How so many layabouts get into such a position is beyond me... Then again my HC is a kiss ass.. Go it.

I hope I get as lucky, thanks for the input


----------



## Tulsa299 (Oct 10, 2017)

chefandrewl said:


> What if the situation was reversed, and you were the head chef and had a line cook doing these things? You need to inform the owner of your concerns, and if he can not make the change, you should look for a different location to practice your craft.


I'd kick his ass into shape and make his life hell if he didn't do what is reasonable.

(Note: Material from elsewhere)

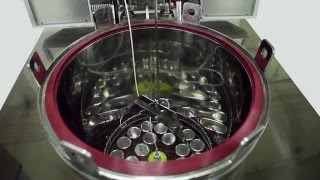 JP SELECTA  Autoclaves for preserved food pasteurizationsterilizationpara la [upl. by Airam]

I really want to but the social aspect deters me, yesterday I tore into some jumped up FoH that was trying to sass my KPs and nobody spoke to me all day, I fear if I mention it I may loose my job or be laughed at as they don't see what goes on in kitchen 

The HC already has a good friend in FoH upper management and is far better at socializing than I.


----------



## Tulsa299 (Oct 10, 2017)

chefbillyb said:


> Ok, lets keep it simple. The "Cream will always rise to the top" but, in your case it may not be seen by the powers to be. In your case you need to bring the jug of milk to the owner and explain how the process works. You, "the cream" can't show this by just working in the kitchen under the incompetent management. If this were me I would ask to meet with the owner and explain how you can run the kitchen with less labor, better quality and lower food cost. Money talks! I've done this is 50% of the places I worked in. It's up to be to promote myself not, wait for someone to happen by and see my worth.....Good luck and remember, you go to work to achieve your goals and make a living. Not to make friends........ChefBillyB


I've taken your advice well and I've begun compiling a lot of data.
Thank you


----------



## Tulsa299 (Oct 10, 2017)

Thanks for the advice everyone, again sorry for the late response I'm sure ya'll understand


----------